**TASK INSTRUCTIONS**
In the records below, find each line that holds "wheel" and return it.

**PROVIDED INFORMATION**
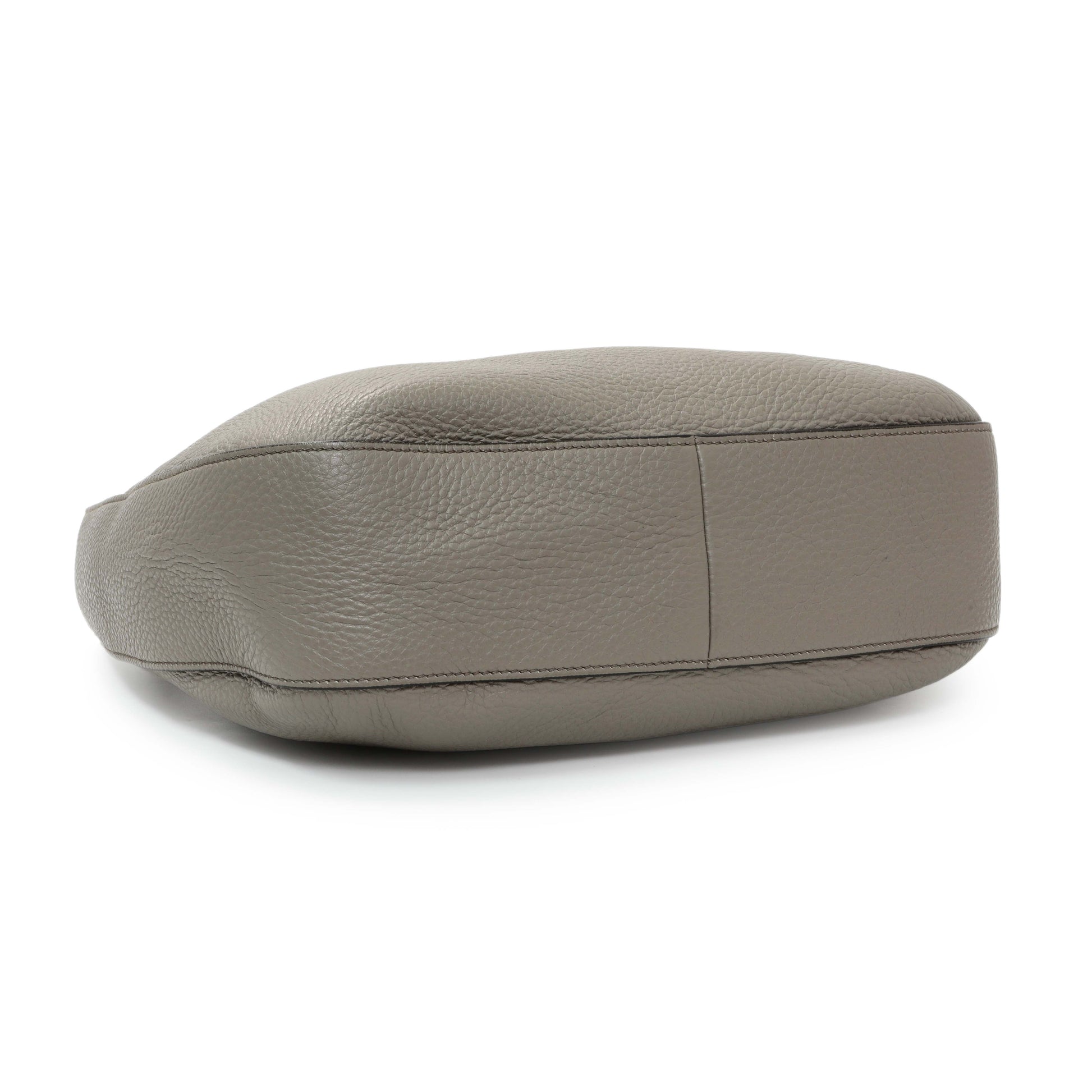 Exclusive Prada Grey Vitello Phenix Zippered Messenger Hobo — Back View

==

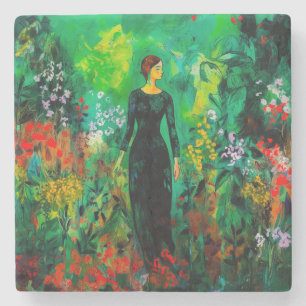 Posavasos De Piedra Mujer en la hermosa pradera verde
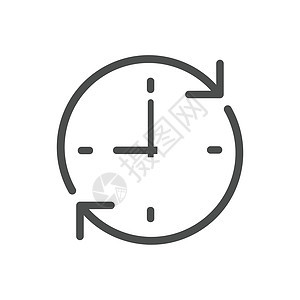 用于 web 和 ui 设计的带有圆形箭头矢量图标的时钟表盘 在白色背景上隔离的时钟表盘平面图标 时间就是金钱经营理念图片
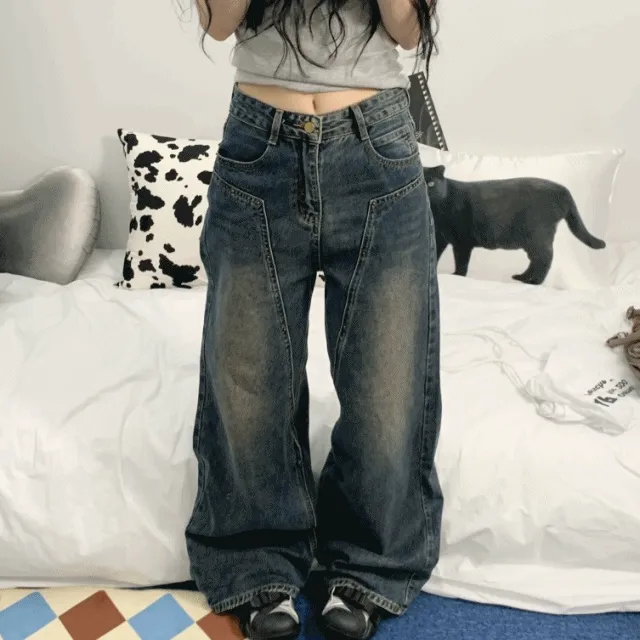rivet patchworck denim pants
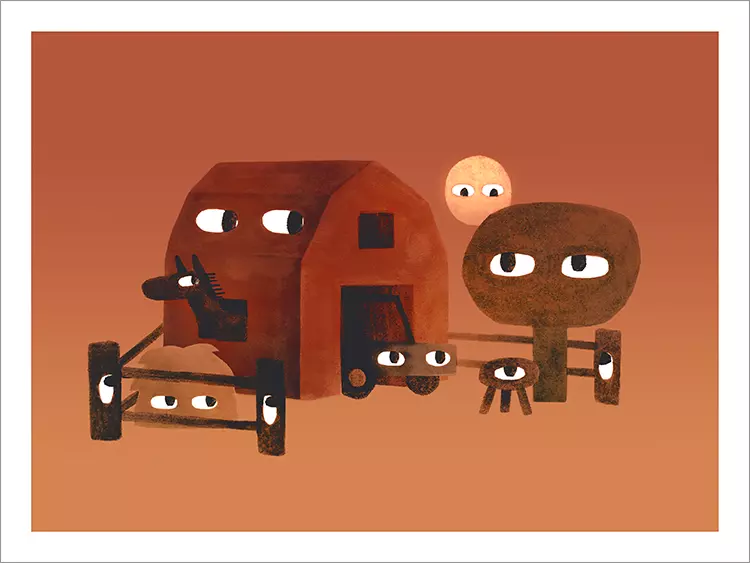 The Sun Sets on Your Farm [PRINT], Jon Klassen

...

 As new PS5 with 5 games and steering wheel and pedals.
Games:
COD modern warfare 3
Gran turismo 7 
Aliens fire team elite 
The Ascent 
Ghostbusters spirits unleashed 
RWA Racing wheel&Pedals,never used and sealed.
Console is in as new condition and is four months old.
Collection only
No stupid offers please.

**WRITTEN ANSWER**
 As new PS5 with 5 games and steering wheel and pedals.
RWA Racing wheel&Pedals,never used and sealed.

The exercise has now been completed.